The FDA has modified the indication for erlotinib (Tarceva, Astellas Pharm Global Development Inc.) for the treatment of non–small-cell lung cancer (NSCLC) to limit the medication’s use to patients whose tumors have specific epidermal growth factor receptor (EGFR) mutations.
The labeling change applies to patients with NSCLC receiving maintenance or second- or greater-line treatment. These indications will be limited to patients whose tumors have EGFR exon 19 deletions or exon 21 L858R substitution mutations, as detected by an FDA-approved test. The first-line indication previously was limited to patients with EGFR exon 19 deletions or exon 21 substitution mutations.
This labeling supplement is based on the results of the IUNO trial, a randomized, double-blind, placebo-controlled study of erlotinib administered as maintenance therapy in 643 patients with advanced NSCLC who had not experienced disease progression or unacceptable toxicity during four cycles of platinum-based first-line chemotherapy.
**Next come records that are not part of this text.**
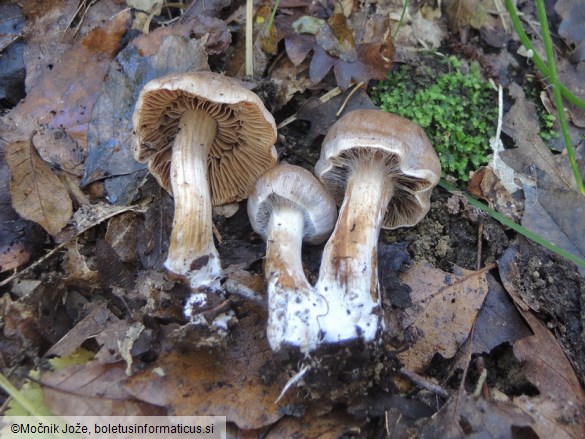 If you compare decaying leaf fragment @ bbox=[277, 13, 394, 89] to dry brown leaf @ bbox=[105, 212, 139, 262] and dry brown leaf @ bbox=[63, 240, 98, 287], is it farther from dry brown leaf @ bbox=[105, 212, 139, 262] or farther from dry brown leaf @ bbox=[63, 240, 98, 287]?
dry brown leaf @ bbox=[63, 240, 98, 287]

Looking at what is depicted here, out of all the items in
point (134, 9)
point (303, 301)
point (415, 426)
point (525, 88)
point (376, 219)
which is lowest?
point (415, 426)

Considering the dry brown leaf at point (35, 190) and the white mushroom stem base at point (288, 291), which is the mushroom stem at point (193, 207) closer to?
the white mushroom stem base at point (288, 291)

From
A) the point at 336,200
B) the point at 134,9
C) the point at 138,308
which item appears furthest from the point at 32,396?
the point at 134,9

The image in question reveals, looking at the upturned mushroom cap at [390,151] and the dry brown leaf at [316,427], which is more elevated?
the upturned mushroom cap at [390,151]

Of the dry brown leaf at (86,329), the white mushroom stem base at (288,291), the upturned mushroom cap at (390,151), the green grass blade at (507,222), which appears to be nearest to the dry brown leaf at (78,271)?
Answer: the dry brown leaf at (86,329)

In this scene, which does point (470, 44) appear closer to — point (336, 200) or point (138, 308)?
point (336, 200)

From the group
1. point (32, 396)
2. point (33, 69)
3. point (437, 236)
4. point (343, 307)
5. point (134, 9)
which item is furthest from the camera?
point (134, 9)

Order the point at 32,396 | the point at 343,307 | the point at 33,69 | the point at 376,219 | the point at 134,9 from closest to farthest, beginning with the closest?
the point at 32,396 < the point at 343,307 < the point at 376,219 < the point at 33,69 < the point at 134,9

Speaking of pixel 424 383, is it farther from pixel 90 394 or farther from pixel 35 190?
pixel 35 190

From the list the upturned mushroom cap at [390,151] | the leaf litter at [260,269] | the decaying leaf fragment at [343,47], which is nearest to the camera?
the leaf litter at [260,269] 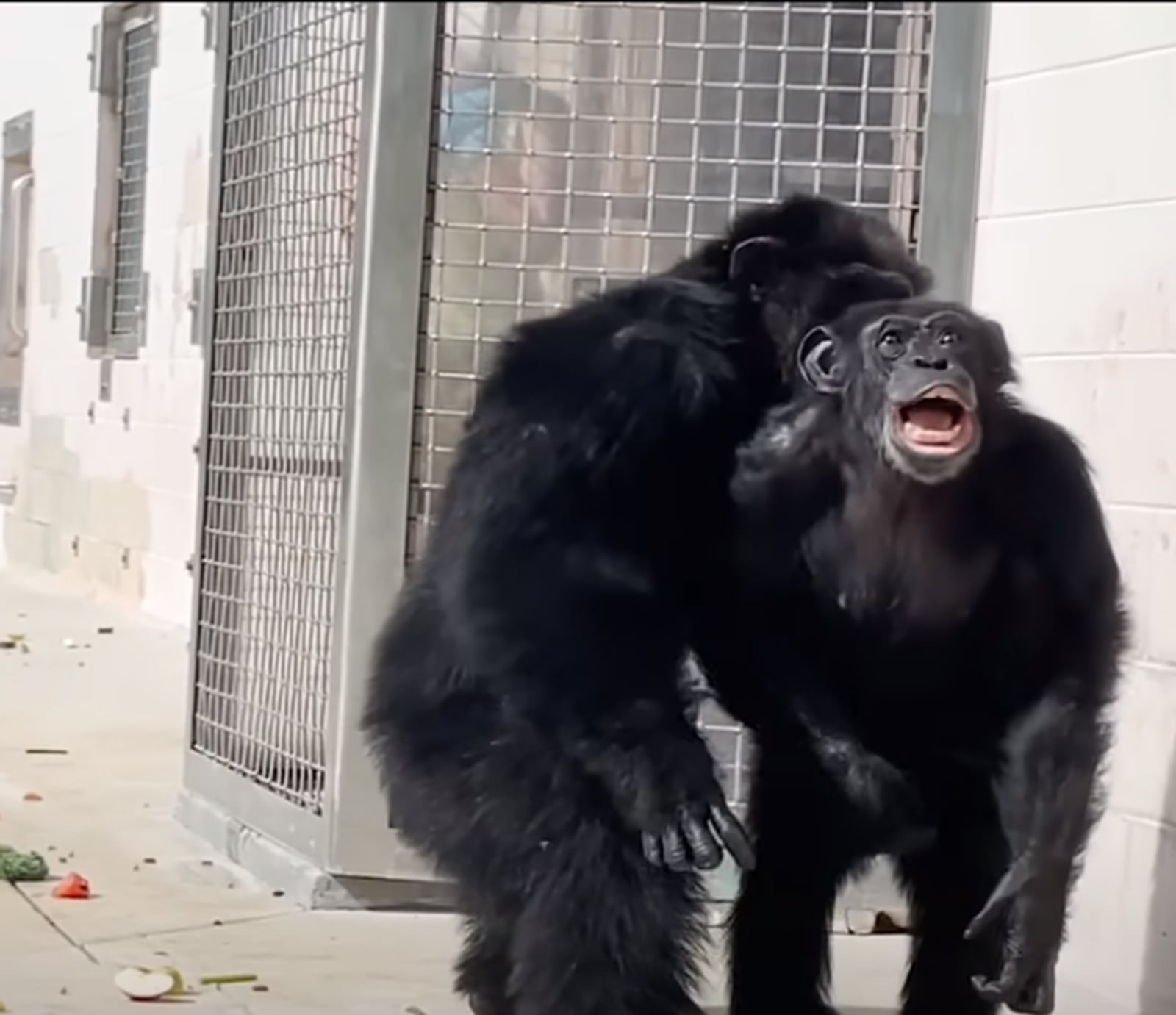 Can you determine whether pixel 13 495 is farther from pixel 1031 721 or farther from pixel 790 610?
A: pixel 1031 721

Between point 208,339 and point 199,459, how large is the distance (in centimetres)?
16

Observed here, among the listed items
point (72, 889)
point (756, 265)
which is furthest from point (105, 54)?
point (72, 889)

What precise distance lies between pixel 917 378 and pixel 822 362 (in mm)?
162

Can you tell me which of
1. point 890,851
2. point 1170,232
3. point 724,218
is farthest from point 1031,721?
point 724,218

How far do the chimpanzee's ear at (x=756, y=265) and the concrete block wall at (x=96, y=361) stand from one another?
1.83 feet

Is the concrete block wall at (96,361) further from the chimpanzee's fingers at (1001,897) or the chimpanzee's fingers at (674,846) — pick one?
the chimpanzee's fingers at (1001,897)

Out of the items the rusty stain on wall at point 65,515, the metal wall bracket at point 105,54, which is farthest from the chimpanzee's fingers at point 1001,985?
the metal wall bracket at point 105,54

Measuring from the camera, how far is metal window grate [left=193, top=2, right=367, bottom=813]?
8.93 feet

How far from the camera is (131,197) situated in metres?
2.36

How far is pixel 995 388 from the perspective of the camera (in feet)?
6.64

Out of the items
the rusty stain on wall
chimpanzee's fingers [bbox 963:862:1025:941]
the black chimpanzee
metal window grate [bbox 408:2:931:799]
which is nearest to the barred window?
the rusty stain on wall

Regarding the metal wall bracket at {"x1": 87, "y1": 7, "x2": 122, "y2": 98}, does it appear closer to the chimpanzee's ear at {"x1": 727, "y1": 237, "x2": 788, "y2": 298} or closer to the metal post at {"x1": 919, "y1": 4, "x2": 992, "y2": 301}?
the chimpanzee's ear at {"x1": 727, "y1": 237, "x2": 788, "y2": 298}

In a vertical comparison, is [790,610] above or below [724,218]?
below

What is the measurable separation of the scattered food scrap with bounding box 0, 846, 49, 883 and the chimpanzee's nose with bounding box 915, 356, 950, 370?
1.30m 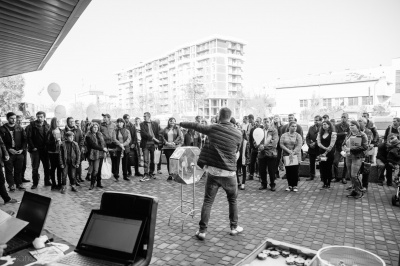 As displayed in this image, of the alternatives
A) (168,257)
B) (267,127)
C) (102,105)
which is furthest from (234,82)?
(168,257)

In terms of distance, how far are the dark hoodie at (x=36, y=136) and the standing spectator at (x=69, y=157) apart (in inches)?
39.7

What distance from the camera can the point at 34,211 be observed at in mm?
3188

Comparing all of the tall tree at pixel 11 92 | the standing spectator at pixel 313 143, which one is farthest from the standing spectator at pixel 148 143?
the tall tree at pixel 11 92

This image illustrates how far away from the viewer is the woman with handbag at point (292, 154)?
→ 25.9 ft

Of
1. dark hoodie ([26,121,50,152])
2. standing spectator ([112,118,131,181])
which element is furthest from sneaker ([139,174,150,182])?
dark hoodie ([26,121,50,152])

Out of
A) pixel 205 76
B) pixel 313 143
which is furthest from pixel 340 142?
pixel 205 76

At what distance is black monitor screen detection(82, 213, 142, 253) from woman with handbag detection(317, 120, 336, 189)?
7343 millimetres

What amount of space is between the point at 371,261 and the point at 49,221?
583cm

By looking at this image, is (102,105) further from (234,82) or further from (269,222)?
(269,222)

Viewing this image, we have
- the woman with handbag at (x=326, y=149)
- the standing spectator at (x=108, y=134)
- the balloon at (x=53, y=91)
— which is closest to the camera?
the woman with handbag at (x=326, y=149)

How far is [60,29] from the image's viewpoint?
666cm

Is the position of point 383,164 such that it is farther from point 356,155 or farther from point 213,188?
point 213,188

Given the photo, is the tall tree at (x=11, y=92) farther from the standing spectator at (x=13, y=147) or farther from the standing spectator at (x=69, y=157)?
the standing spectator at (x=69, y=157)

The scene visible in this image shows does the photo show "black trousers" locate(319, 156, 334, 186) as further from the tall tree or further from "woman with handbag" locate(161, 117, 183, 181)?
the tall tree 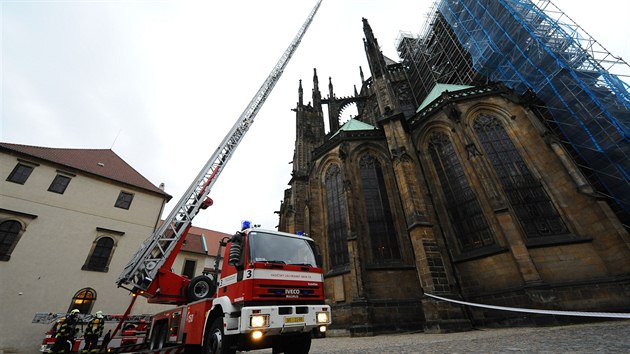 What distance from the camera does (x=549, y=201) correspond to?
34.2 ft

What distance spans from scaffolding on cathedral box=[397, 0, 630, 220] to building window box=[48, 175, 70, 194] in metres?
27.1

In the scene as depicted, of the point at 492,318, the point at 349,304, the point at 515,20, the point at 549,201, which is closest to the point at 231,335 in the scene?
the point at 349,304

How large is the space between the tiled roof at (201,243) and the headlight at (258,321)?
21.7 metres

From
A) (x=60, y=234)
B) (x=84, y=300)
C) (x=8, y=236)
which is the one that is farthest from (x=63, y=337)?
(x=8, y=236)

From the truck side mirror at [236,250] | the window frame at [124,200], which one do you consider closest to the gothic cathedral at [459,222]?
the truck side mirror at [236,250]

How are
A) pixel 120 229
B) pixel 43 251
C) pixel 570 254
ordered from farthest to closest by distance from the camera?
pixel 120 229
pixel 43 251
pixel 570 254

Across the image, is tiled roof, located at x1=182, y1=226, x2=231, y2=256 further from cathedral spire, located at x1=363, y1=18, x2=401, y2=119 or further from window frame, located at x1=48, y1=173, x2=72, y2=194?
cathedral spire, located at x1=363, y1=18, x2=401, y2=119

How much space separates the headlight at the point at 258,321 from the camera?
396 cm

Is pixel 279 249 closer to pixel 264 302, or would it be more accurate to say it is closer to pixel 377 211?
pixel 264 302

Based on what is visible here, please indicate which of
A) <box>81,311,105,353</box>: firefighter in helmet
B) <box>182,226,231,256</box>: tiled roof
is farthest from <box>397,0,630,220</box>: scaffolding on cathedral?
<box>182,226,231,256</box>: tiled roof

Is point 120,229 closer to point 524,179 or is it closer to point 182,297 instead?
point 182,297

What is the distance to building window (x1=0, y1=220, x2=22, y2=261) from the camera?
12680 mm

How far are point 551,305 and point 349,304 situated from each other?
24.3 feet

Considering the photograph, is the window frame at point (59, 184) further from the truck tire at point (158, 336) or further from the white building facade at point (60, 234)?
the truck tire at point (158, 336) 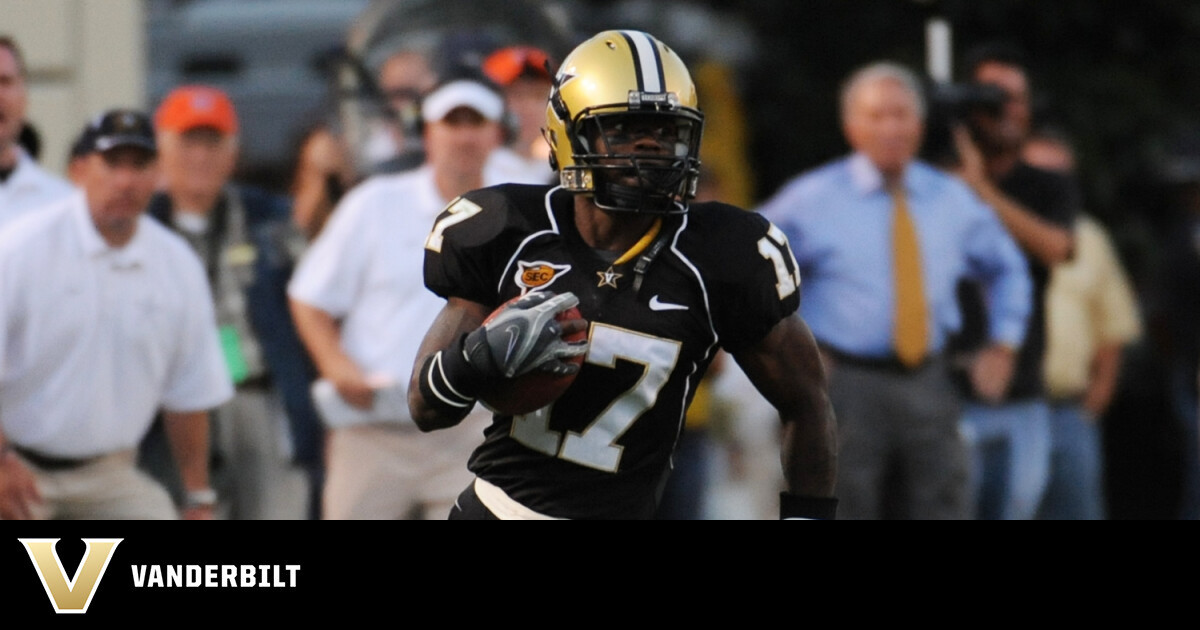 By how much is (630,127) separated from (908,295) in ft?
10.2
Patients whose tumors harbored activating EGFR mutations (exon 19 deletions or exon 21 L858R mutations) were excluded from the study. Participants were randomly assigned to receive erlotinib (n = 322) or placebo (n = 321) orally once daily until disease progression or unacceptable toxicity occurred. After progression on initial therapy, the patients were eligible to enter an open-label phase. Fifty percent of patients treated with erlotinib entered the open-label phase and received chemotherapy, while 77% of patients given placebo entered the open-label phase and received erlotinib.
The trial’s primary endpoint was overall survival. The results demonstrated that survival after treatment with erlotinib was not better than placebo administered as maintenance in patients with metastatic NSCLC tumors not harboring EGFR-activating mutations. No difference in progression-free survival between the erlotinib arm and the placebo arm was observed.
The FDA will not impose new post-marketing requirements or request post-marketing commitments based on the results of the IUNO trial.